# Supplied data:
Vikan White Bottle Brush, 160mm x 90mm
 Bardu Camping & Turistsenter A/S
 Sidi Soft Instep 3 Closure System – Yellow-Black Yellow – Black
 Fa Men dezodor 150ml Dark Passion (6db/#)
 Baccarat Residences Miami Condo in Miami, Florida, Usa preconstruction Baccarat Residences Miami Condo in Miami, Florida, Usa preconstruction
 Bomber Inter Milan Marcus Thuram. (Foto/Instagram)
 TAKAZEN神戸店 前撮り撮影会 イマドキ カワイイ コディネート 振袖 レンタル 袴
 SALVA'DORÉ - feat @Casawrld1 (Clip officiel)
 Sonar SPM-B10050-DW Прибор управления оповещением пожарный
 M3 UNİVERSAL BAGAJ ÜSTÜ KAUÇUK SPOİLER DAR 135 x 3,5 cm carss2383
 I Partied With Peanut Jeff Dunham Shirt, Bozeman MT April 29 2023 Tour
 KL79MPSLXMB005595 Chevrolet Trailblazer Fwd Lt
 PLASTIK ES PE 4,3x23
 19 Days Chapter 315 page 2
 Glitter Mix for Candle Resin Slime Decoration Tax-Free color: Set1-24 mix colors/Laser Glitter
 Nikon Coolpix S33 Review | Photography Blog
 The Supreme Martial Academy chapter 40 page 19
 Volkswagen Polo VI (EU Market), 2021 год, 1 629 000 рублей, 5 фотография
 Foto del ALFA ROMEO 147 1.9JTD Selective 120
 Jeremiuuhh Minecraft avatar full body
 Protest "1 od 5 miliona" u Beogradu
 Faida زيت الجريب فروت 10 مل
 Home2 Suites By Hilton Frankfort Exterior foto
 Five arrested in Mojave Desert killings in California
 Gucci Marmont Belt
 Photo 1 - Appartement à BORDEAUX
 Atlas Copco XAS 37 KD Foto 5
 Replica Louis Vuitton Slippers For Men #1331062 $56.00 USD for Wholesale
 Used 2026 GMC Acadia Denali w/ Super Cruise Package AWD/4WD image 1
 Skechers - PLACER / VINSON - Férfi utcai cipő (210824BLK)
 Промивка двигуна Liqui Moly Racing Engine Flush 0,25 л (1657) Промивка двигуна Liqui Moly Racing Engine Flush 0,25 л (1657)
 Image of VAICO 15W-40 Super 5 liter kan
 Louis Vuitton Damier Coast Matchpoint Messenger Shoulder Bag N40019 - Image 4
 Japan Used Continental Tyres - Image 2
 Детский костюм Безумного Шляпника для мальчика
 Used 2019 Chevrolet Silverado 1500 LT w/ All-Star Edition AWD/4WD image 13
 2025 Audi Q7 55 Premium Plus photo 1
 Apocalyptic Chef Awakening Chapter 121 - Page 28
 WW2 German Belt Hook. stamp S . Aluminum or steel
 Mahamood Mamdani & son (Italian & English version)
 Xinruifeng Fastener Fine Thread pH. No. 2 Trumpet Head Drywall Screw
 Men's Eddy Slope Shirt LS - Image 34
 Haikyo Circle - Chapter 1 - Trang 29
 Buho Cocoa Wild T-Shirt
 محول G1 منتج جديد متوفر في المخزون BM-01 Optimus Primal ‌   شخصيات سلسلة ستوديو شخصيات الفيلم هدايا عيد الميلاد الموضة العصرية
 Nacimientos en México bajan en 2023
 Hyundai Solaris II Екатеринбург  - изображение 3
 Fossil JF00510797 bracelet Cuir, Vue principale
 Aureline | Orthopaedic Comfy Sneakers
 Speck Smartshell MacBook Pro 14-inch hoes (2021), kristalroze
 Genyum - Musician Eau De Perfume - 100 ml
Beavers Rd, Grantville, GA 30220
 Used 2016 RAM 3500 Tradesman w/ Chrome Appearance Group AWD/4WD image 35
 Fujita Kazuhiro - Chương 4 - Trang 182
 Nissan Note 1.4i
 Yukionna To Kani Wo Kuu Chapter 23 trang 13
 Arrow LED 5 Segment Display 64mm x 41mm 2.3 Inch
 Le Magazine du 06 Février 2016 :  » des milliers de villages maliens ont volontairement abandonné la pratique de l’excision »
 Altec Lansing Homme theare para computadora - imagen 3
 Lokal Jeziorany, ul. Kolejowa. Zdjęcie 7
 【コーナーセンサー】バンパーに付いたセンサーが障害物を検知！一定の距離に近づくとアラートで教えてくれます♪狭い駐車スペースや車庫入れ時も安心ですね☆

# What is required:
In the answer, include exactly the lines from the line containing "Le Magazine du" through the end of the data, and nothing else.

# Answer for the task:
 Le Magazine du 06 Février 2016 :  » des milliers de villages maliens ont volontairement abandonné la pratique de l’excision »
 Altec Lansing Homme theare para computadora - imagen 3
 Lokal Jeziorany, ul. Kolejowa. Zdjęcie 7
 【コーナーセンサー】バンパーに付いたセンサーが障害物を検知！一定の距離に近づくとアラートで教えてくれます♪狭い駐車スペースや車庫入れ時も安心ですね☆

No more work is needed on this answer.